I'm curious about the limitations of teaching AI, particularly large language models (LLMs). Why don't we focus on making them 'think' more autonomously instead of relying on massive amounts of data for training? Is it feasible to train LLMs with just reasoning skills using ultra-large context windows, without needing to memorize irrelevant details like historical dates? I'm looking for a deeper understanding of how we can achieve better instruction-following without the cost of processing vast amounts of data.
5 Answers
It's interesting to note how much the human brain learns from sensory input long before we can fully understand concepts. Since we lack a similar input for AI, we have to use the internet's vast resources to help these models learn. Without fundamentally understanding brain functions, we end up needing high volumes of training data just to sculpt any form of artificial intelligence.
Good point you raised! But remember, if we could just make AI think without data, it wouldn't even be considered an LLM anymore; it would be something radically different. We're still in the discovery stage of AI learning.
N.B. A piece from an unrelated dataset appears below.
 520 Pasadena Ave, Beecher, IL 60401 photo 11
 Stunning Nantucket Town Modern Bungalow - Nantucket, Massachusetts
It's a good question, but the reality is we don't fully understand how to make computers 'think' like humans do. We can replicate some kinds of intelligence through models, but they still need a ton of data to learn and grow. Sadly, without figuring out how human reasoning works, we won't be able to bypass all that training data anytime soon. Some researchers are exploring various approaches like hybrid models and self-learning, yet so far, Transformers seem to be the most effective.
To be fair, asking why we don't just teach them to think is a bit like asking why we haven't solved the hard problem of consciousness yet. There's a big gap between our understanding and what you're proposing, and without that knowledge, we're stuck with the current method of data-fed training.
Yeah, and the fact is that every time we try to go beyond that, it seems we need even more data to make meaningful progress.
Also, we should keep in mind that reasoning and learning are not quite the same. LLMs do manage to learn patterns, but they don't truly understand reasoning the way we do—it's mostly about acquiring data to operate effectively.
Exactly! We haven't yet cracked the code on human cognition, so any attempts to mimic it in machines will always require extensive data as a foundation.